Benne Seed Candy has a caramel like base with a heavy dose of toasted Benne Seeds- wrapped in little squares of cellophane. Toasted Benne Seed are the key ingredient- to do this , place the pale white seeds in an iron skillet and toast in a hot oven until they are browned, being careful not to burn the seed. As the seeds cook in a recipe, a browned nutty flavor is achieved. Topping off Yeast Rolls, sprinkled across a pan of cornbread, browned on the bottom of biscuits or even tossed in the batter for fish- Benne Seed add crunch and texture. I just had to share the best recipe I’ve come up with for Benne Seed Wafers, tweaked from several very good old fashioned cookbooks. And darlin’, it’s not pronounced- Been– with the ‘e‘ dropped; please say it like Jack Benny or Awl-benny Georgia!
Camellia’s Cottage Benne Seed Wafers
- Toast 3/4 cup of Benne Seed, set aside to cool.
- Cream together 1 stick of butter with 1 cup of light brown sugar. (In Southern Recipes, because of the age old problem of heat- butter was salted to retain freshness, therefore salted butter is used in old recipes unless otherwise indicated.)

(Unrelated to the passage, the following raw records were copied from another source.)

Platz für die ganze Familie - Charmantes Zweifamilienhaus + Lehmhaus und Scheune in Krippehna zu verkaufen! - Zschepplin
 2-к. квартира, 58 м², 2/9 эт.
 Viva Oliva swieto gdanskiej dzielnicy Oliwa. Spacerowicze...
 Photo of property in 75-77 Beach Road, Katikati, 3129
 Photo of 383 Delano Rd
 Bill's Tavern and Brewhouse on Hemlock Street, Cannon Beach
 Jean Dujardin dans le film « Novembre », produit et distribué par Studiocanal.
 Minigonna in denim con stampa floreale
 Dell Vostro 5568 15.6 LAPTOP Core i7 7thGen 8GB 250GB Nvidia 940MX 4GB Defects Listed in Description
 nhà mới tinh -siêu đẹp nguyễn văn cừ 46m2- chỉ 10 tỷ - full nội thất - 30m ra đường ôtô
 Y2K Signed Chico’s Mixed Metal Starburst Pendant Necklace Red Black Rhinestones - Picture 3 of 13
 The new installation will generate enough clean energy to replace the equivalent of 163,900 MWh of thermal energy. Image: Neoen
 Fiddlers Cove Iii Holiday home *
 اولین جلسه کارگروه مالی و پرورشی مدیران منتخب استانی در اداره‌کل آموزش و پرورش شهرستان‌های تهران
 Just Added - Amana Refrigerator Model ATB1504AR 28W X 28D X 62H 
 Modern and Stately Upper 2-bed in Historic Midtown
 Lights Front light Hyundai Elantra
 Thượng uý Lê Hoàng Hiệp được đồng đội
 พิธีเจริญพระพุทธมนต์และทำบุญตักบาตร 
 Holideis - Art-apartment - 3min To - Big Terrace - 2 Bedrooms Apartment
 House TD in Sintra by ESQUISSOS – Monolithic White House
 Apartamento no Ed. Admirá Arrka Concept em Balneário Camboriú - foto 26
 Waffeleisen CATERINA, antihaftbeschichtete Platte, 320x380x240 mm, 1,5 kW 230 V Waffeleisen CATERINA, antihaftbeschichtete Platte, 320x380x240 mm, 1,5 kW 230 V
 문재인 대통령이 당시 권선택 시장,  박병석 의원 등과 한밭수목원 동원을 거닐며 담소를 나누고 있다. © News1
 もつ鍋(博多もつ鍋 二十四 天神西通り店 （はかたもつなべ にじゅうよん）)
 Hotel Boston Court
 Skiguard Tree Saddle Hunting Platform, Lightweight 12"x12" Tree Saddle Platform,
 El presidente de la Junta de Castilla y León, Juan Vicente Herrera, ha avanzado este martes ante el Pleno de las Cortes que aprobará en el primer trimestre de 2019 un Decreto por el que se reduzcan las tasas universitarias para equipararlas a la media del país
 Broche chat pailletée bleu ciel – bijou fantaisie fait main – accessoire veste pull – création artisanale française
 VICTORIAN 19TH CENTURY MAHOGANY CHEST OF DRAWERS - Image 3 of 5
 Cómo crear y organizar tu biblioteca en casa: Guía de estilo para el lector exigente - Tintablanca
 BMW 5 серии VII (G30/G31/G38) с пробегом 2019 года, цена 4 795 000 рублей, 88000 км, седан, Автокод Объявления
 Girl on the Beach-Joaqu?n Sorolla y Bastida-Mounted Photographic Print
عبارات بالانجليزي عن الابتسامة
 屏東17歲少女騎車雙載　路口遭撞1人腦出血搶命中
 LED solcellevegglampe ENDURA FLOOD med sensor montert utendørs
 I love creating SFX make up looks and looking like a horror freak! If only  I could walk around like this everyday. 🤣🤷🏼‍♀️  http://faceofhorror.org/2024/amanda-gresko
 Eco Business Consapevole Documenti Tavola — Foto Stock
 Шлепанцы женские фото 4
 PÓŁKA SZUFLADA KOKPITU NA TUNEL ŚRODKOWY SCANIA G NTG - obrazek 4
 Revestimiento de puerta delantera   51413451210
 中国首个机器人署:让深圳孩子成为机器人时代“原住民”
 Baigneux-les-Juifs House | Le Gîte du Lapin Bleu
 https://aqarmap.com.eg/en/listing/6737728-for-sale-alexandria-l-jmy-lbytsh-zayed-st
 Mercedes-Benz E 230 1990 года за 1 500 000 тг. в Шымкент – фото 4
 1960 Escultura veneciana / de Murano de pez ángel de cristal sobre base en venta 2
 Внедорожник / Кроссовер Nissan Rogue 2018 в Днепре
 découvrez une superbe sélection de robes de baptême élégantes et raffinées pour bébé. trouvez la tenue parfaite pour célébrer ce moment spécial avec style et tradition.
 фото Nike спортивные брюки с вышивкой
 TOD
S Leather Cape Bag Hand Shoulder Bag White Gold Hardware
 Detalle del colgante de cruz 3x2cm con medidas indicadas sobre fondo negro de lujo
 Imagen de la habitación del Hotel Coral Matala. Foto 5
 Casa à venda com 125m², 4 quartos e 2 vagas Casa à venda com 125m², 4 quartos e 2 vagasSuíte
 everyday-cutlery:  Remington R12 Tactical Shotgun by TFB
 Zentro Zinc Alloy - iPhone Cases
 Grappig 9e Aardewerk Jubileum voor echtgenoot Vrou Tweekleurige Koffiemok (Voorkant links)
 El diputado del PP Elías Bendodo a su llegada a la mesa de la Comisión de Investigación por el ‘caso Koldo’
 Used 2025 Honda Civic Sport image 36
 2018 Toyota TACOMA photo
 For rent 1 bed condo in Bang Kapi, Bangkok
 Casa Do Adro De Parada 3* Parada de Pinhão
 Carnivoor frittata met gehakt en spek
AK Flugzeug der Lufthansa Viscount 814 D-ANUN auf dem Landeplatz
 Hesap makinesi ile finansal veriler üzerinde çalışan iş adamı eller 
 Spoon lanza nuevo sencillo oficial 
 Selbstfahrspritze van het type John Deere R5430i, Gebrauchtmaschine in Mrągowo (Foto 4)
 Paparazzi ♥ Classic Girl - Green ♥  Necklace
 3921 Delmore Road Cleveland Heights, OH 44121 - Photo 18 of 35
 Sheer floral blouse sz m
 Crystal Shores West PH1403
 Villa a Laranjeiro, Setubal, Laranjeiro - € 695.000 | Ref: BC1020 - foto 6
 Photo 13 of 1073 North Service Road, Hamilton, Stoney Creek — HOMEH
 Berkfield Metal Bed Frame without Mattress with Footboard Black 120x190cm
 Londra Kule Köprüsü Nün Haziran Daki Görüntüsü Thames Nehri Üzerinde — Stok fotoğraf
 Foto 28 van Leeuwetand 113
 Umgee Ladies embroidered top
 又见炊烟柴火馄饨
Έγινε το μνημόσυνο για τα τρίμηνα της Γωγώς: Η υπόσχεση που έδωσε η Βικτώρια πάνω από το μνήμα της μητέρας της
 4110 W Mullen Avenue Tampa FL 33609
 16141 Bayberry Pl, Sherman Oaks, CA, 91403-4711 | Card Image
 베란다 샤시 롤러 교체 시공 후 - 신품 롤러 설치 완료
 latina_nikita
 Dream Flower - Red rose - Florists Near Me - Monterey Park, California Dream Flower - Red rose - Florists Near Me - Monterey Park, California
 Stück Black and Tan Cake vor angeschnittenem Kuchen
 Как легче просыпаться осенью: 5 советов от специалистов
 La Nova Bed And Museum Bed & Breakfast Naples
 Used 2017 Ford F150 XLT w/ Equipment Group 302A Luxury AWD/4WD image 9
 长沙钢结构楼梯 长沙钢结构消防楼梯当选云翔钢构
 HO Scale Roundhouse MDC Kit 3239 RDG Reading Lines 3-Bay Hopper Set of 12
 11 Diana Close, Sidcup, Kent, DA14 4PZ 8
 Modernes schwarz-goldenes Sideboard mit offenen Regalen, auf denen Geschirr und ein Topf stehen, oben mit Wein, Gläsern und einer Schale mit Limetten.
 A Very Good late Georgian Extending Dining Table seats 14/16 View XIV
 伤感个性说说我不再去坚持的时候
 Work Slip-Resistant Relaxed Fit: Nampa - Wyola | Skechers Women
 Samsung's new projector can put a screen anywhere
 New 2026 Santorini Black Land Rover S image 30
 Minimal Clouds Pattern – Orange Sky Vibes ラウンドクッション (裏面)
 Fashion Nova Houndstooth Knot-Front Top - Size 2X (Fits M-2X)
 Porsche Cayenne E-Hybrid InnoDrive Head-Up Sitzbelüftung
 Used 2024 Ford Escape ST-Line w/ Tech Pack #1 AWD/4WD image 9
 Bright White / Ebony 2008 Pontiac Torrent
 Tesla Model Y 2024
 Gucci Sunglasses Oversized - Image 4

- Add 1 large beaten egg to the butter and sugar mixture. Mix well.
- Add 1 1/2 teaspoons of vanilla, stir well.
- Now, add 3/4 cup of sifted self rising flour (add 1/4 teaspoon of baking powder to all purpose flour if you don’t keep self rising flour on hand) Do not overbeat but mix well.
- Fold in 3/4 cup of toasted benne seed carefully.
- Pre-heat oven to 350º, while dropping mixture from a scant teaspoon approximately 2 inches apart onto a buttered parchment lined baking sheet (I use a silicone baking mat- if you have one it makes baking easier).
- Bake for 11-12 minutes (14 for silicone baking mat).
- Remove and cool slightly, no more than a minute because the cooled Benne Seed Cookies will stick!
- Transfer to a wire rack to cool completely- the cookies will crisp up as they cool.
- Makes an incredible 5-6 dozen Benne Seed Wafers!
Serve as soon as possible so you won’t eat them all yourself! Actually, they keep very well stored in an airtight container. If you’re smart, you will package them up in cellophane bags for 4th of July Favors!
While you’re enjoying Hamburgers on Sesame Seed buns and cold wedges of Watermelon- tell the story of how these African treasures made it to our shores, for it is in the telling…we won’t forget.